I am reading from an unbound source (Kafka) and writing its wordcount to other Kafka topic. Now I want to perform checkpoint in beam Pipeline. I have followed all the instructions in the apache beam documentation but checkpoint directory is not created even after that.

below are the parameters for I used for the pipeline:-

--runner=FlinkRunner
--streaming=true
--parallelism=2
--checkpointingInterval=1000
--checkpointTimeoutMillis=5000
--minPauseBetweenCheckpoints=500
--externalizedCheckpointsEnabled=true
--retainExternalizedCheckpointsOnCancellation=true

can anyone help me out with checkpointing?

2

2 Answers

1
votes

I have worked on the solution, so one is you can change the checkpoint.state.dir path in flink-conf.yaml of link cluster and other is by using flinkPipelineOptions-

        @Description(
                "Sets the state backend factory to use in streaming mode. "
                        + "Defaults to the flink cluster's state.backend configuration.")
        Class<? extends FlinkStateBackendFactory> getStateBackendFactory();
        void setStateBackendFactory(Class<? extends FlinkStateBackendFactory> stateBackendFactory);

and by setting setStateBackendFactory (i have done using custom class)

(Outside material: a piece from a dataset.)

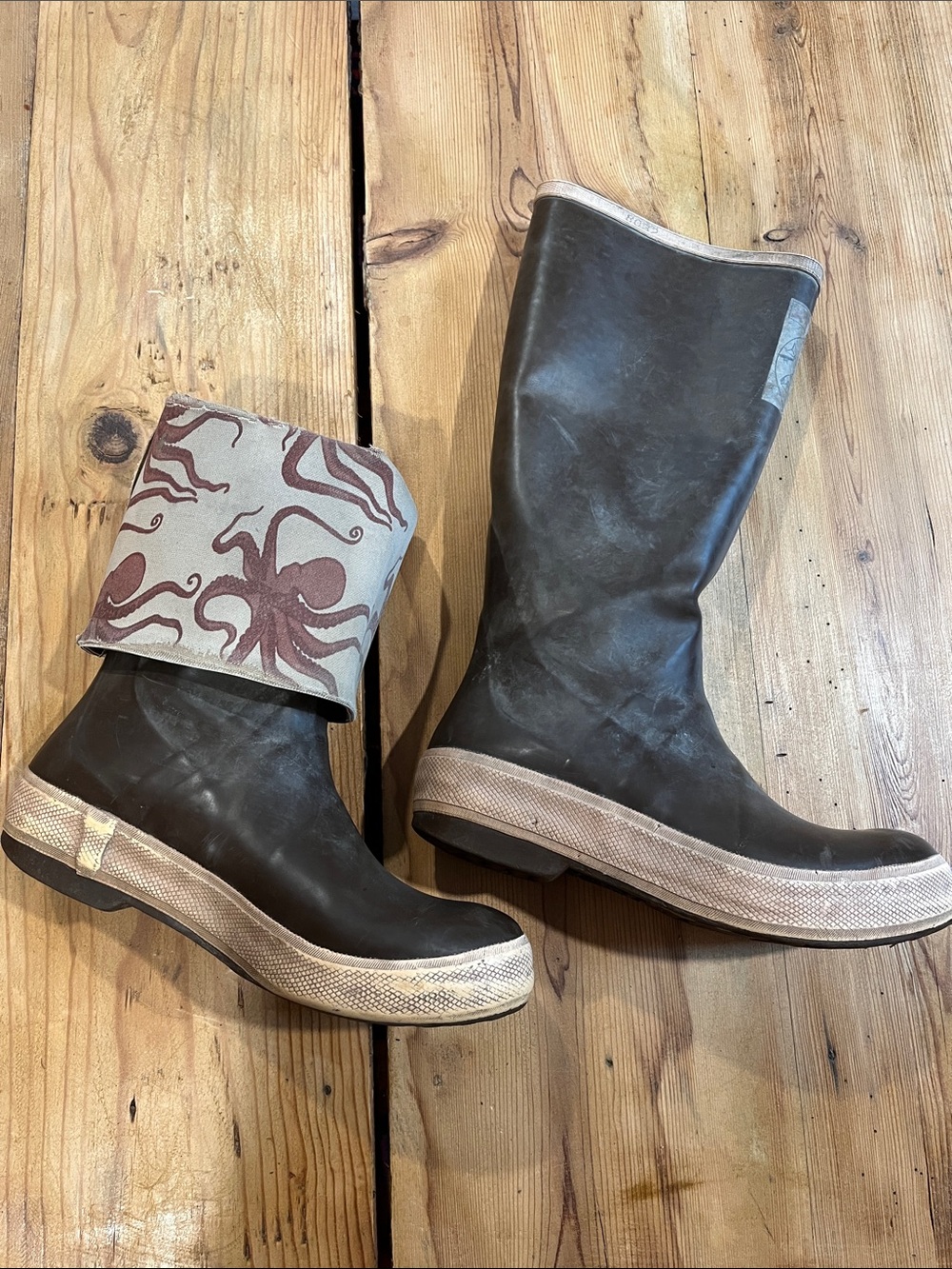 XTRATUF 8 Brown Rain Boots Tall Fold Over Cuff Octopus Salmon Sisters Legacy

  static class  bakend implements FlinkStateBackendFactory{

        @Override
        public StateBackend createStateBackend(FlinkPipelineOptions options) {
            return new FsStateBackend("file:///Users/myPc/word-count-beam/src/checkpoint/");

        }
    }

this will create a checkpointDir also you also need to set a value of checkpointinginterval for checkpointing to be enabled.

0
votes

I know it is old, but want to agree with your answer. we built a dockerized flink in 2019 and beam and running with these options

--runner=FlinkRunner --streaming=true --checkpointingInterval=30000 --env=dev

and we have configured in conf.yml with rocksdb as backend.